__What is expected__.
Reproduce each line from the first in the data through the line that contains "Ditsy Floral Tie-Waist" exactly; give nothing else.

__Input data__.
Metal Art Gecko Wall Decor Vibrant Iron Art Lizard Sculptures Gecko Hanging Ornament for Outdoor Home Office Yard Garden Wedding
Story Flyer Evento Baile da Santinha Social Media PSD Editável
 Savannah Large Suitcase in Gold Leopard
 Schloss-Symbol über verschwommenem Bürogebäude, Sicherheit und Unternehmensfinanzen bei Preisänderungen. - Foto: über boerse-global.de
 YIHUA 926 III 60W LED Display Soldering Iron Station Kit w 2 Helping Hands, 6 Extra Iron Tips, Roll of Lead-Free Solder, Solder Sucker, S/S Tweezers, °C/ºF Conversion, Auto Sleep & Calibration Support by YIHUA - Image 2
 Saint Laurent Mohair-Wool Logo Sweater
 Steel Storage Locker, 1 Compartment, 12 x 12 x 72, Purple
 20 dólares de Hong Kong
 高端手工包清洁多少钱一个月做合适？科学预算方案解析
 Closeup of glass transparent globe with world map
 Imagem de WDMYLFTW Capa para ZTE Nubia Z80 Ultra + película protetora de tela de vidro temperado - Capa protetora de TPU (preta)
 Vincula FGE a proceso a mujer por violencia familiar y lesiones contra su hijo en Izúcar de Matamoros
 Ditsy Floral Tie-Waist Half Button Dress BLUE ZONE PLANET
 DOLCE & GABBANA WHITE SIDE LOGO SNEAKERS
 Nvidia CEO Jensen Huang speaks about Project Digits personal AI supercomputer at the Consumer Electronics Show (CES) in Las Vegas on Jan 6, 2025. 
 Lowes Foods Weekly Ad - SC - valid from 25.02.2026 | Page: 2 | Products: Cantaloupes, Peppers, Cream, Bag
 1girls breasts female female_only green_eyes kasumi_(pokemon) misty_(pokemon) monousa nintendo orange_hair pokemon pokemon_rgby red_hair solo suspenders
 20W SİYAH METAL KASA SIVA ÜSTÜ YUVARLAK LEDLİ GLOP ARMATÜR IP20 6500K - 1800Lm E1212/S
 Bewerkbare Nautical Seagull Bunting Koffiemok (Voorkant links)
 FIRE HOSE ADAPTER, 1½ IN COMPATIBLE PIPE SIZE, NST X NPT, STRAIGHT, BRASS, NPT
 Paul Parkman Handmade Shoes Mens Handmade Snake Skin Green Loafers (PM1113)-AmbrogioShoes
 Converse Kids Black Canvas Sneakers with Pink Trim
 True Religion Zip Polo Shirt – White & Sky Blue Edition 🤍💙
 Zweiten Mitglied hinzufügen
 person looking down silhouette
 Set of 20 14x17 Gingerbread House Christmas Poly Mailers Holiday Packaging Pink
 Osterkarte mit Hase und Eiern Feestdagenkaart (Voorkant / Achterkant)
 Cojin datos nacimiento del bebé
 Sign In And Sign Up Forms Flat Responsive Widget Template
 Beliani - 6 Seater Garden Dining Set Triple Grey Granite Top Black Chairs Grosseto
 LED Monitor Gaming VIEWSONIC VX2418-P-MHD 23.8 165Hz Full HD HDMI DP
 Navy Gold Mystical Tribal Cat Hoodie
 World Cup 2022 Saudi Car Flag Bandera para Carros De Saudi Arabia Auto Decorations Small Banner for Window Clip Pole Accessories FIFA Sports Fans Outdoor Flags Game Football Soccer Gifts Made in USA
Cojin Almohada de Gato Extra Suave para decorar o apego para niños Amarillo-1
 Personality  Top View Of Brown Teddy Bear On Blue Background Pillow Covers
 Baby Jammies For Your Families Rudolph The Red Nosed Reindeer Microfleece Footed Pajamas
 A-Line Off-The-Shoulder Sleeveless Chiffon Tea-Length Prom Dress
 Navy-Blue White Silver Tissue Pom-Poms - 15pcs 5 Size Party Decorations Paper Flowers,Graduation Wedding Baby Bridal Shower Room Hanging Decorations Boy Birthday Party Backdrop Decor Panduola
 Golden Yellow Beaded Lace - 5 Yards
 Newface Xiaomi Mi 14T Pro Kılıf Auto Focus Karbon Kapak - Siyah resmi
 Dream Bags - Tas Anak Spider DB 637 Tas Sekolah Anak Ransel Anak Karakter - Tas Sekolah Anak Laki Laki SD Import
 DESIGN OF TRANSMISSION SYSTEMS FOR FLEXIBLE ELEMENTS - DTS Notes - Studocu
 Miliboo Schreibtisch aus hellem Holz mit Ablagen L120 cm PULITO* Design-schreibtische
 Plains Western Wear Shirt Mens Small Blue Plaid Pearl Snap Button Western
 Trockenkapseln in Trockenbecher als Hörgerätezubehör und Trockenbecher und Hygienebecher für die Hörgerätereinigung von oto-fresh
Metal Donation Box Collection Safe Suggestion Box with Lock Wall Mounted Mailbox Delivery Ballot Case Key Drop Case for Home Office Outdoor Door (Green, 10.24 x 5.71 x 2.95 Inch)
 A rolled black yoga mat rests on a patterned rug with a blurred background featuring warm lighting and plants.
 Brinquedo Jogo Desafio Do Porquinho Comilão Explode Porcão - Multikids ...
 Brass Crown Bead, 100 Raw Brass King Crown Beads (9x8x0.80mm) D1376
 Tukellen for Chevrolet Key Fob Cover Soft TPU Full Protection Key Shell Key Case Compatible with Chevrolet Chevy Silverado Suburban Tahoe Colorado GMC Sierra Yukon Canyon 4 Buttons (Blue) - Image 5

__Response area__.
Metal Art Gecko Wall Decor Vibrant Iron Art Lizard Sculptures Gecko Hanging Ornament for Outdoor Home Office Yard Garden Wedding
Story Flyer Evento Baile da Santinha Social Media PSD Editável
 Savannah Large Suitcase in Gold Leopard
 Schloss-Symbol über verschwommenem Bürogebäude, Sicherheit und Unternehmensfinanzen bei Preisänderungen. - Foto: über boerse-global.de
 YIHUA 926 III 60W LED Display Soldering Iron Station Kit w 2 Helping Hands, 6 Extra Iron Tips, Roll of Lead-Free Solder, Solder Sucker, S/S Tweezers, °C/ºF Conversion, Auto Sleep & Calibration Support by YIHUA - Image 2
 Saint Laurent Mohair-Wool Logo Sweater
 Steel Storage Locker, 1 Compartment, 12 x 12 x 72, Purple
 20 dólares de Hong Kong
 高端手工包清洁多少钱一个月做合适？科学预算方案解析
 Closeup of glass transparent globe with world map
 Imagem de WDMYLFTW Capa para ZTE Nubia Z80 Ultra + película protetora de tela de vidro temperado - Capa protetora de TPU (preta)
 Vincula FGE a proceso a mujer por violencia familiar y lesiones contra su hijo en Izúcar de Matamoros
 Ditsy Floral Tie-Waist Half Button Dress BLUE ZONE PLANET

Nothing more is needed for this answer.